4.6. Statistical Analysis

The results for the detection of Nm using the dried filter spot assay and the gold standard were coded as binary variables (positive or negative). Sensitivity for the Nm detection was calculated as the proportion of samples returning a positive result when tested using the dried filter spot assay divided by the total number of samples positive based on the gold standard. Exact binomial confidence intervals for each sensitivity estimate were computed. A similar approach was used for the specificity estimate with the exception that specificity for the Nm detection assay was calculated as the proportion of samples returning a negative result when tested using the new assays divided by the total number of samples negative by the gold standard analysis.

The positive predictive value (PPV) and negative predictive value (NPV) for the Nm detection assay were estimated using the sensitivity and specificity estimates from the validity analysis, for a range of plausible real-world disease prevalence values. The PPV is defined as the proportion of samples with disease (as measured by a gold standard), given a positive test result using the new assay. The NPV was defined as the proportion of specimens without Nm (as measured by a gold standard), given a negative test result using the dried spot assay.

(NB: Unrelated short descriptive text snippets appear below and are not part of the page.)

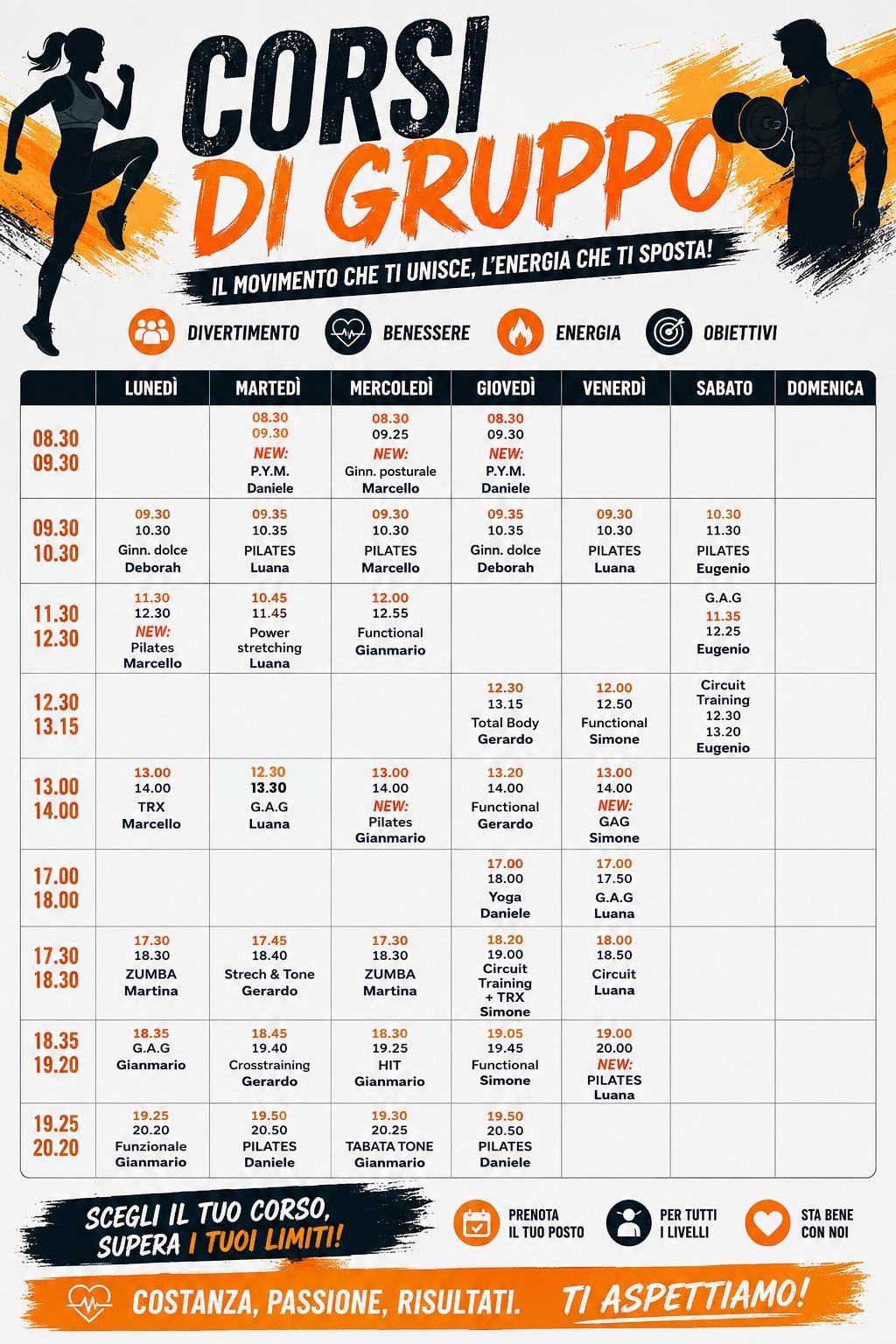 Orario corsi di gruppo A.S.D. Club 32 dal lunedì al sabato: pilates, zumba, functional, G.A.G, yoga, circuit training e altro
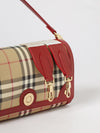 note coated cotton bag with vintage check print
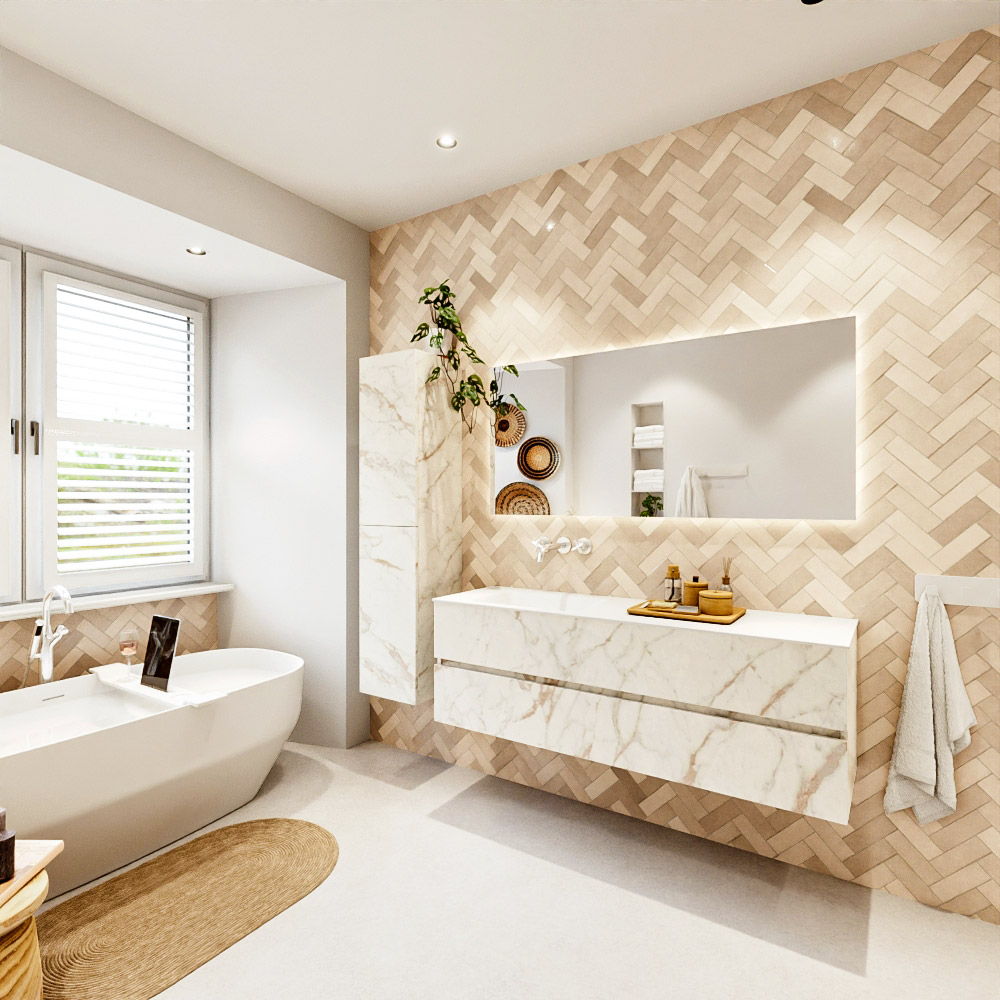MONDIAZ VICA 150cm mueble de baño Carrara 2 cajones. Lavabo CLOUD Izquierda sin orificio, color Talc. 4 MONDIAZ VICA 150cm mueble de baño Carrara 2 cajones. Lavabo CLOUD Izquierda sin orificio, color Talc. - Imagen 4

The overall percentage agreement and Cohen’s Kappa coefficient were estimated to evaluate the concordance between genogrouping from the dried filter spot and PCR assays for samples positive on PCR. The correlation between the CT values for the dried filter spot and liquid assays was also assessed using the Pearson correlation coefficient including and excluding potential outliers.

All analyses were implemented using Stata 14.2.